WKU hosts high school robotics competition

Cameron Koch

High school students from all over Kentucky will make their way to WKU on Saturday to participate in the 12th annual Kentucky Bluegrass Robotics Competition.

The department of engineering hosts two events each year — one for elementary and junior high school students and another for high school students — with the hope of creating interest in math, science and engineering.

The 20 teams participating will be tasked with creating a robot that can perform a specific function, with past events involving lifting objects or popping balloons. Teams must not only design a machine that can complete the given task, but they must also out-perform three other competitors each round.
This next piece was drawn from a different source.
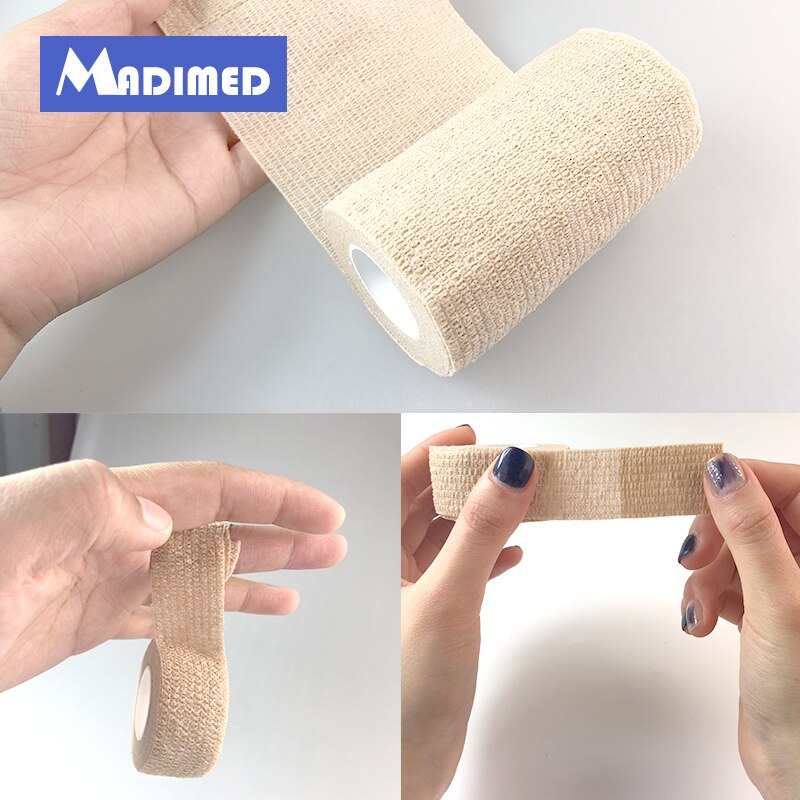 2.5cmx4.5m 6rolls/lot Coban Latex Free Nonwoven Elastic Self Adhesive Adherent Cohesive Wrap Finger Bandage Tender Tape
After each round teams have a break period to analyze the success of their robot and adjust accordingly for upcoming rounds.

Ron Rizzo, a staff engineer in the engineering department, will help students make modifications between rounds. Rizzo said the experience of the competition teaches students the skills engineers use every day.

“They develop what we call engineering skills, like troubleshooting,” Rizzo said. “It’s pretty interesting to see the variety of different solutions to the same problem.”

The team whose robot scores the most points is dubbed the best robot, though other categories exist such as most efficient robot, which is determined by points scored divided by dollars invested.

Engineering professor Kevin Schmaltz is coordinating the event with help of other teachers and students in the engineering department.

Through grants and WKU funding, the engineering department was able to purchase the basic parts needed for teams to create a robot. Teams can then invest in additional components if they so choose.

“There are competitions where high school teams build robots and compete against other high school teams, but it costs tens of thousands of dollars to compete,” Schmaltz said. “We provide teams with materials to build a robot.”

Julie Ellis, the engineering department head, said the lower cost helps attract students who otherwise might not participate.

“It allows a lower barrier to entry,” Ellis said. “It’s a way we can give back to the community and also do a little recruiting.”

Schmaltz emphasized the importance of sparking interest in the engineering field and giving students a one-of-a-kind learning experience.

“Our goal is to give them a good experience and make it as cheap as possible [for them],” Schmaltz said. “Building a robot is an activity we think that might take someone who maybe is thinking about being an engineer, scientist or mathematician and cement that interest in it.”